Does anybody here have a name with an apostrophe that many web pages won’t accept in their input fields?
I don’t have any apostrophe in my my real name. But I use the name O’Riley as an alias when I’m filling out web pages that I know are going to lead to being bombarded with spam. But a lot of the bull crap pages won’t accept O’Riley as a valid value because of the apostrophe.
Does that infuriate anyone who really has an apostrophe in their name?
I have a hyphenated first name. Many websites won’t accept it so I’m forced to use one-half my name or, when possible, indicate a first and middle name. Even websites that seem to handle it often ignore the hyphen and run it together.
I have a space in my last name. I don’t usually use it ever when online, but I would say 90% of standardized tests and things like that with bubble fields that I took in High School didn’t accomodate that, so I was never sure on the ones that did whether or not to put a space in it, to keep it the same as the other ones.
I’m in college now, and my name has a space in it as I’m registered, but my ID card deosn’t, and somehow they won’t let my brother fix his so it has a space.
Should I make a big stinking media row to complain about how people with “non-standard” names are being discriminated against?
My last name is O’Neill and I’ve had difficulty here and there, but on the whole a lot of different fields are smart enough to understand the apostrophe. The most common variation I see is “O/Neill”, but that’s only showed up a total of about 5 times through the years.
I’ve also had to deal with the issue of standardized tests. Usually the forms tell you what to do in case of a hyphen or apostrophe, but most of the time I end up just omitting it and entering my name as “ONeill”
It’s a database (SQL) thing. The problem is that somewhere in the depths of the website’s programming it converts the form to insert the record in the database of members.
The language needed to interact with the database looks something like this:
INSERT INTO members (Name) VALUES(‘Tom O’Reily’);
See how the values section is apostrophe delimited? If you tried to insert that, the system wouldn’t know what the Reily part was and crash out. The programmer who set it up realized this (after getting back complaints from users) and he undoubtedly took the easy way out by changing apostrophes into another character instead of looking at a way to include them safely.
It’s poor programming. There’s many ways to do this better, and if apostrophes don’t work on a website then chances are there are some major security holes the programmer completely missed. (e.g.

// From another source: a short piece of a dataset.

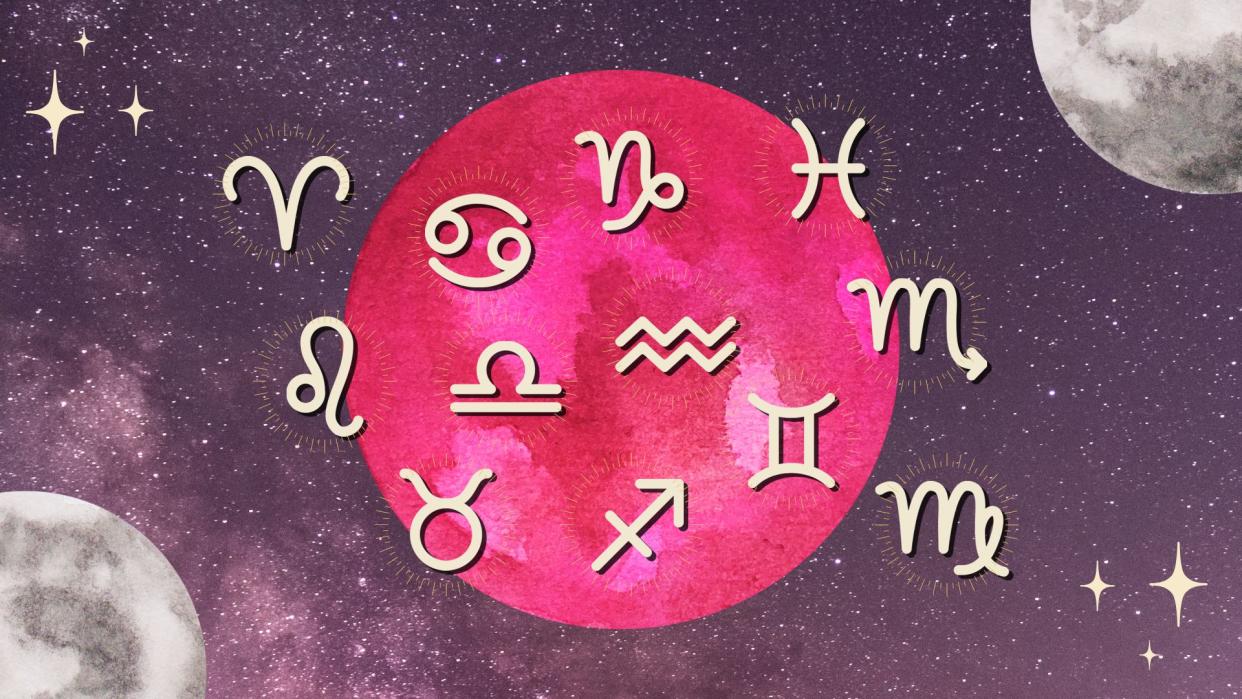  The zodiac signs and the pink full moon against a starry sky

A single user registering with a name of “);DROP TABLE MEMBERS;” could erase all the user names.)
If you like the site, you can do the site administrator a big favor by e-mailing him and say that a programmer friend of yours recommended looking into placeholders as a better way to do SQL transactions.
(laughing) That was certainly garbled. Let me translate myself to English:
The websites that have problems with your name are falling into a common programming trap. The problem is that there are certain characters which mess up databases. Apostrophes are certainly the most common criminal. The programmer of the site realized that there was a problem with apostrophes and either inserted code to change them into an innoculous character, or omitted them completely.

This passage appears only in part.